Prompt: From the line below containing "BETWEEN BRANDS" to the final line, print each line exactly as written. No pictures belong in the copy.

Given data:

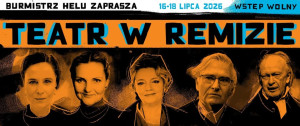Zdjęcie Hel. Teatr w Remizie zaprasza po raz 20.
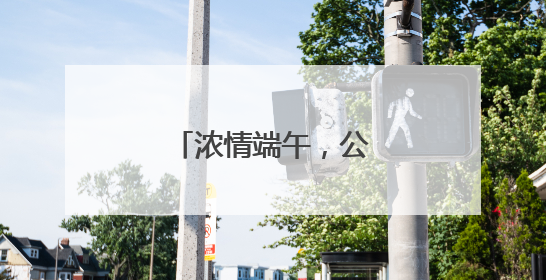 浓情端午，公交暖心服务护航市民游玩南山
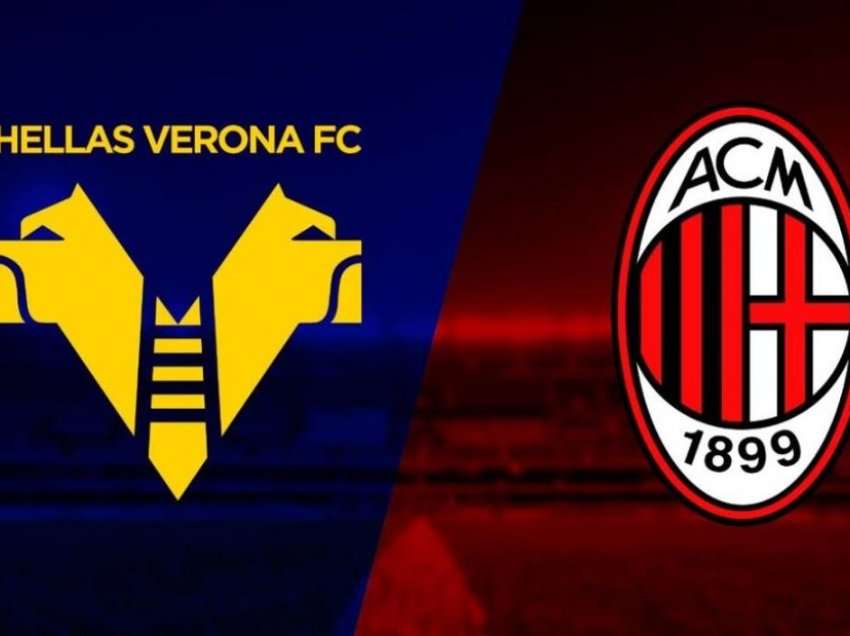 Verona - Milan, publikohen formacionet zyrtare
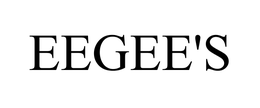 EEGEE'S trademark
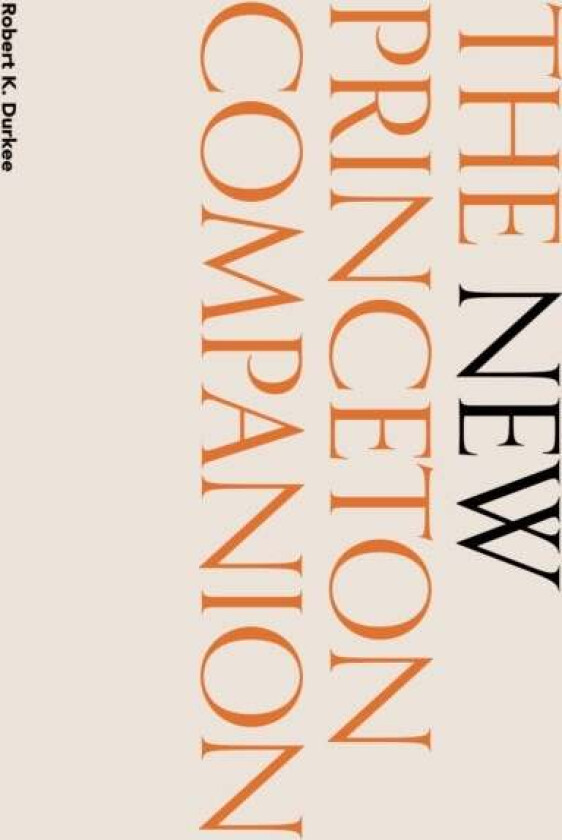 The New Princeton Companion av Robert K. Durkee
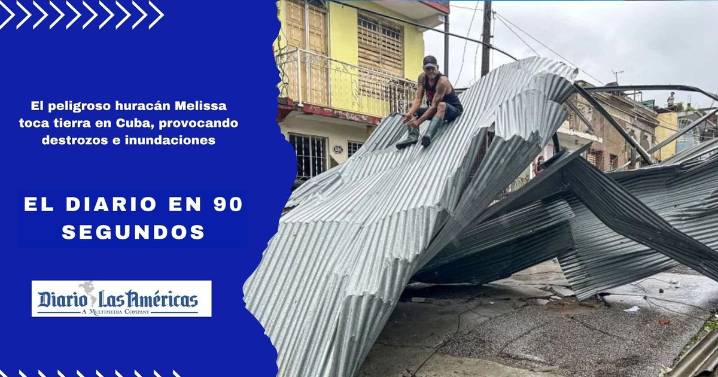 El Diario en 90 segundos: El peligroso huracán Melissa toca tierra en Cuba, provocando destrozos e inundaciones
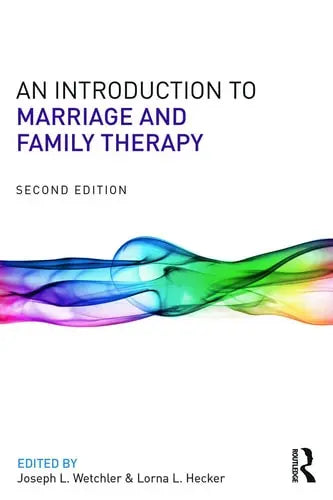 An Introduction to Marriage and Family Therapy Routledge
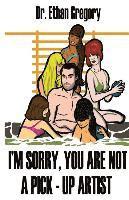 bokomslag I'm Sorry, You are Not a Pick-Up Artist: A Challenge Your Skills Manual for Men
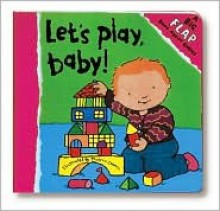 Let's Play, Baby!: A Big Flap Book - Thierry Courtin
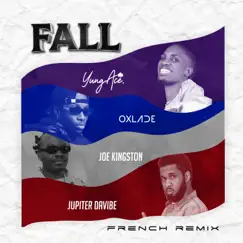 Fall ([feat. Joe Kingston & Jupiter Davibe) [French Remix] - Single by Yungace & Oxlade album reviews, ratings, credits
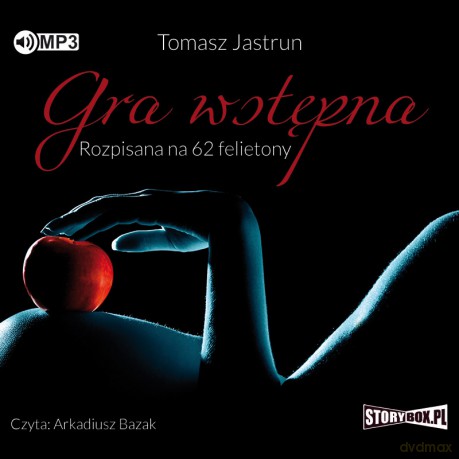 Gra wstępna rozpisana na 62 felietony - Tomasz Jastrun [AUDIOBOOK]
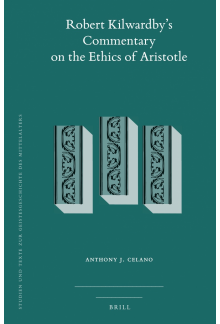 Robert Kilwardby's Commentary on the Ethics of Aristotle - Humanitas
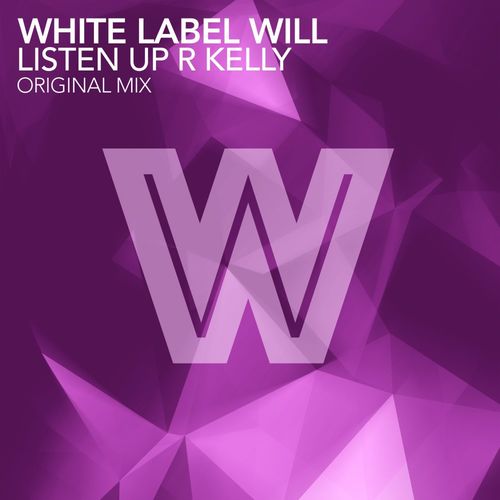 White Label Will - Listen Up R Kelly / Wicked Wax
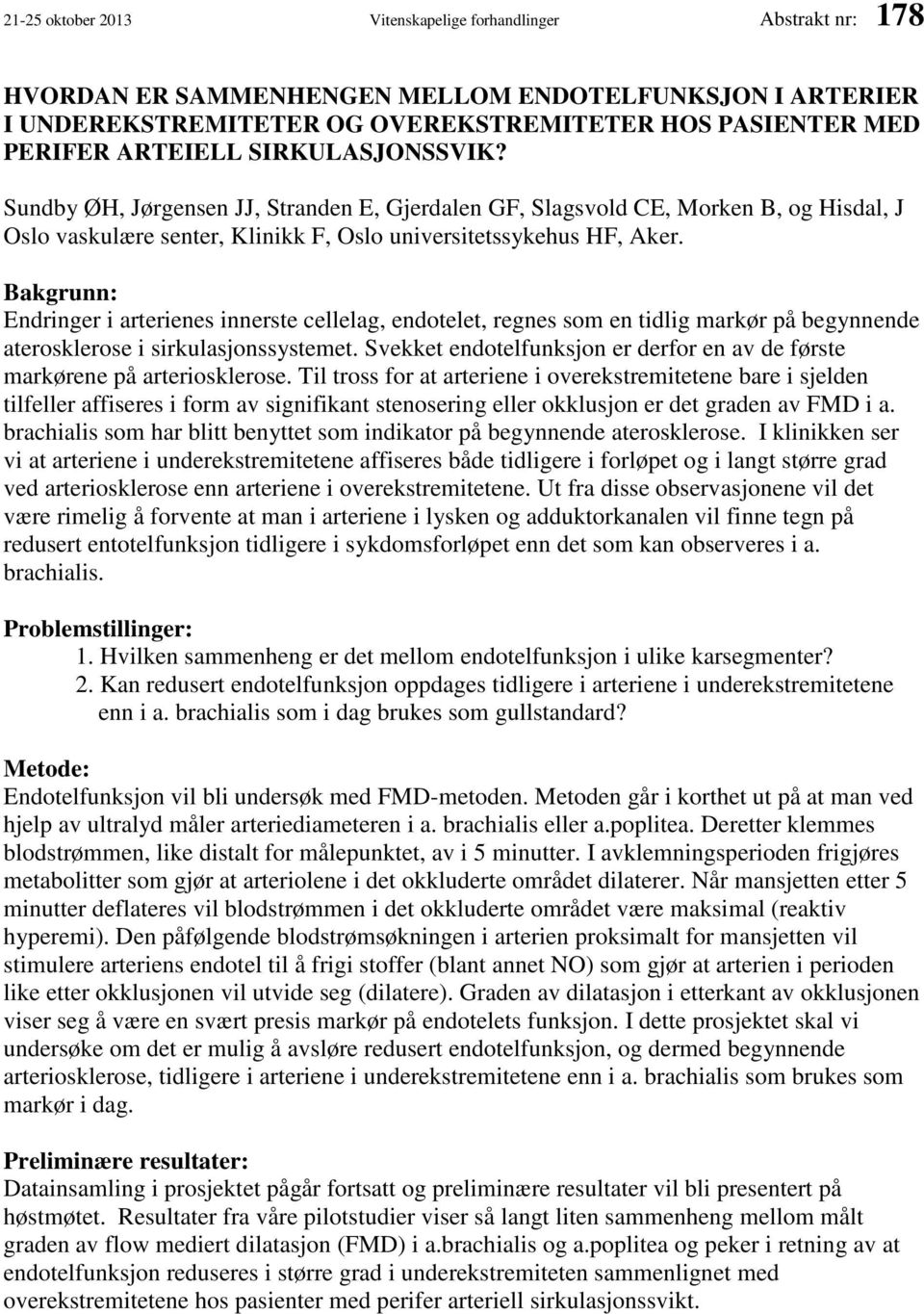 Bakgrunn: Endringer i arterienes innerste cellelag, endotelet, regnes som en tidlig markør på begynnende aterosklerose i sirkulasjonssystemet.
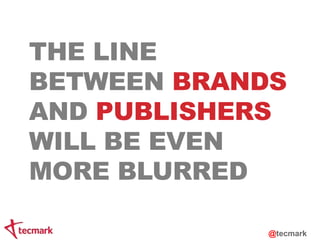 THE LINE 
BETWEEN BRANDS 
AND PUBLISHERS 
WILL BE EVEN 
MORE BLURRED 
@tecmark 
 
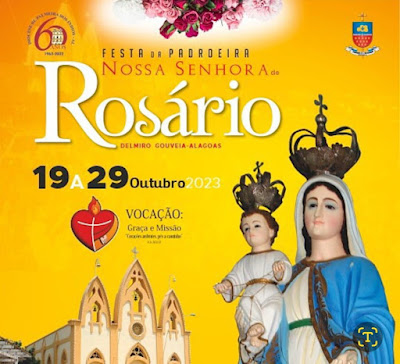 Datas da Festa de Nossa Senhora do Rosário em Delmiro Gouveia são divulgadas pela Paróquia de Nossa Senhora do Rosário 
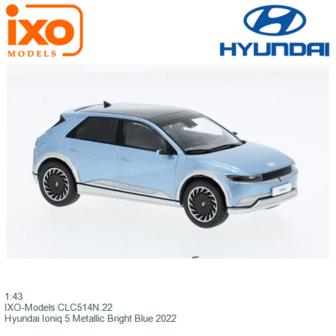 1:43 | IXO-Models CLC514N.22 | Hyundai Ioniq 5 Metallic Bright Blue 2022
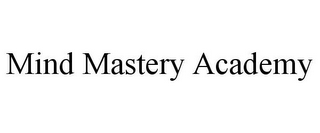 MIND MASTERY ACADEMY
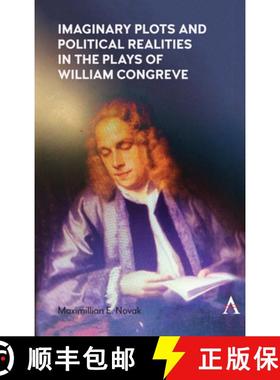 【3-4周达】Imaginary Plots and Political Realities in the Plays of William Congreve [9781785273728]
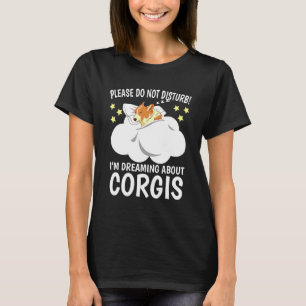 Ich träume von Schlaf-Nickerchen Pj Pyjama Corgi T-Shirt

Output of the exercise:
BETWEEN BRANDS 
AND PUBLISHERS 
WILL BE EVEN 
MORE BLURRED 
@tecmark 
 
 Datas da Festa de Nossa Senhora do Rosário em Delmiro Gouveia são divulgadas pela Paróquia de Nossa Senhora do Rosário 
 1:43 | IXO-Models CLC514N.22 | Hyundai Ioniq 5 Metallic Bright Blue 2022
 MIND MASTERY ACADEMY
 【3-4周达】Imaginary Plots and Political Realities in the Plays of William Congreve [9781785273728]
 Ich träume von Schlaf-Nickerchen Pj Pyjama Corgi T-Shirt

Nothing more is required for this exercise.